=== TASK DATA ===

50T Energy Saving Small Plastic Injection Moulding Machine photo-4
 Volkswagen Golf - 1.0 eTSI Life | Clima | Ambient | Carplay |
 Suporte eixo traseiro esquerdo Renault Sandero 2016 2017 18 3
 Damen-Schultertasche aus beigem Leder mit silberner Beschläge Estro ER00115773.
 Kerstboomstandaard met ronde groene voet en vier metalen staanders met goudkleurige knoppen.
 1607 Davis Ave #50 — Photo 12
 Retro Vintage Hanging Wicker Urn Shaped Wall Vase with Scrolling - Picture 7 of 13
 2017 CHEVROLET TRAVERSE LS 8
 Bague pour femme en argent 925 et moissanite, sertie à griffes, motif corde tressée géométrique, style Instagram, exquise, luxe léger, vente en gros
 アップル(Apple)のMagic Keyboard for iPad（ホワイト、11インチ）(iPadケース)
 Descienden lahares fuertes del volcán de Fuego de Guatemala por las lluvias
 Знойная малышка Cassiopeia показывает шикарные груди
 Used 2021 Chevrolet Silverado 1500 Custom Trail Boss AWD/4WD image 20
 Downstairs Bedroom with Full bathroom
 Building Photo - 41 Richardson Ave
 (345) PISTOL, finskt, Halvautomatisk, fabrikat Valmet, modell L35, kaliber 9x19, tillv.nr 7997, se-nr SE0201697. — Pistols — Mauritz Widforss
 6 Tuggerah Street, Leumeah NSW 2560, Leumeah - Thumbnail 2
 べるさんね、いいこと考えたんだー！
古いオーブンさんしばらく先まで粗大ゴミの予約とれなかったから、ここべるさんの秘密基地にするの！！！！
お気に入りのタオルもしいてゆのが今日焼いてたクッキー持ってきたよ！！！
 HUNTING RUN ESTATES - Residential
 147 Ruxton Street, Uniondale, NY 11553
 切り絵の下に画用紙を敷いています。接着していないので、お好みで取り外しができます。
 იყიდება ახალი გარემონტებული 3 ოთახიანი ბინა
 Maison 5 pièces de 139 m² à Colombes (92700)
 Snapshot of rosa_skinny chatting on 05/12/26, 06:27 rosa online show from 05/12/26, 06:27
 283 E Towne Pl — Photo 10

===

▶ [WORK ITEM]: In the listing above, find each line with the word "Street" and copy it out.

▶ [EXERCISE RESULT]:
 6 Tuggerah Street, Leumeah NSW 2560, Leumeah - Thumbnail 2
 147 Ruxton Street, Uniondale, NY 11553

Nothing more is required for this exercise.